EU2019 Society for Endocrinology: Endocrine Update 2019 Poster Presentations (73 abstracts)
Case history: 52 year old gentleman presented in 2013 with a 1 year history of abdominal pain. Imaging to screen for gallstones identified a large adrenal mass which was radiologically suspicious for adrenal carcinoma with probable inferior vena cava (IVC) involvement.
Investigations: Overnight dexamethasone suppression test (ONDST) failed to suppress cortisol (324 nmol/l) with undetectable ACTH (<5 ng/l). Failure of suppression on low dose dexamethasone suppression test (cortisol [nmol/l]: T=0, 324; T=48h, 286; ACTH [ng/l]: T=0, <5; T=48h, <5) confirmed a cortisol-producing tumour. Urinary fractionated metanephrines were 2.46 umol/24h (normal <3.47), ruling out phaeochromocytoma.
Results and treatment: A 28 cm right adrenal tumour was resected en bloc with a section of IVC and partial hepatectomy. Recovery was complicated by post-operative cardiac arrest and prolonged ITU stay. Histopathology was suggestive of a malignant tumour with Weiss score of 9, with viable tumour confirmed in the main adrenal vein/IVC. Post-operatively the patient required steroid replacement due to contralateral adrenal suppression. Short synacthen test (SST) showed cortisol 130 (T=0 m), 129 (T=30 m) and 136 (T=60 m). In view of the high risk of recurrence the patient was offered post-operative mitotane therapy which he has consistently declined, so has been followed up with clinical, biochemical and radiological monitoring. ONDST has consistently suppressed cortisol fully (<20), however, the patient developed Cushingoid features with weight gain and hypertension. Serial cross-sectional imaging has shown no evidence of macroscopic disease recurrence at 5 years post-resection. Since 2015, 24-hour urine collection has shown elevated adrenal androgens and cortisol metabolites suggestive of adrenal Cushings, presumed secondary to microscopic disease not visible on imaging. He remains steroid-dependent on replacement prednisolone. Most recent SST showed baseline ACTH 92.8, cortisol 214 (T=0 m), 246 (T=30 m) and 244 (T=60 m).

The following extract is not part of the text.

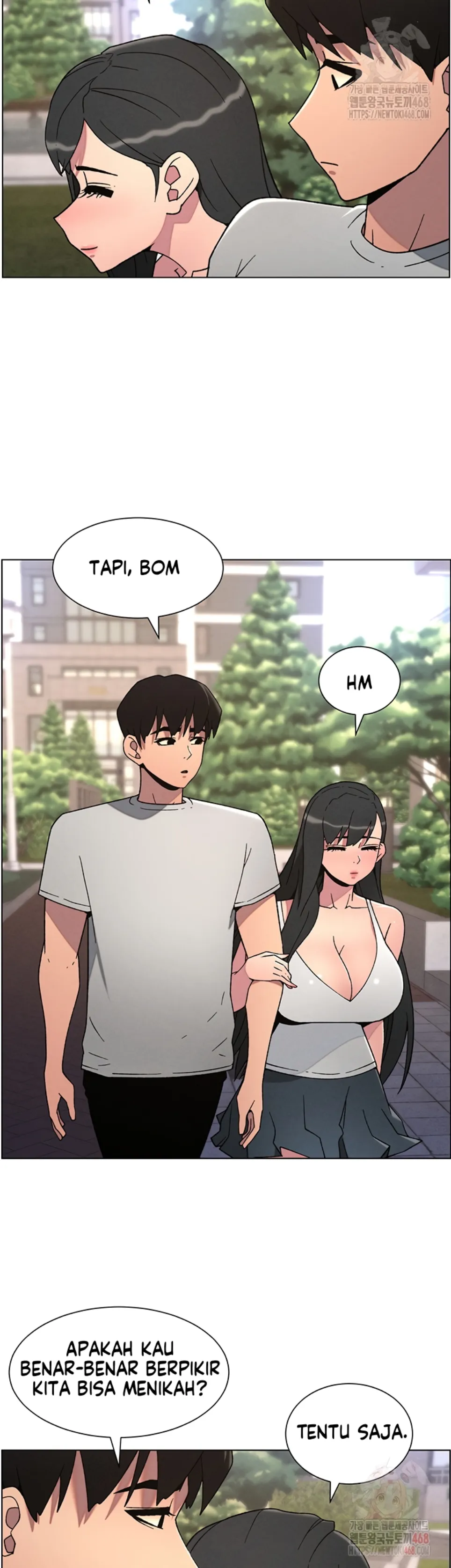 A Secret Lesson With My Younger Sister - Chapter 63 15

Conclusions: Case series suggest very poor prognosis for large adrenocortical carcinomas with vascular invasion at presentation, and routine management would involve post-operative mitotane for this reason. However, there is a risk of selection bias in case series from tertiary referral centres, as advanced disease may prompt referral. Our patient declined conventional therapy but remains free of macroscopic disease recurrence at 5 years. He appears to have active cortisol precursor production causing elevated urinary metabolites and Cushingoid features, but persistently suppressed peak cortisol on SST and fully suppressed cortisol on ONDST. Mindful consideration is given to achieving ACTH suppression with steroid replacement to reduce the risk of overt disease recurrence, balanced against the adverse metabolic effects of rendering him Cushingoid.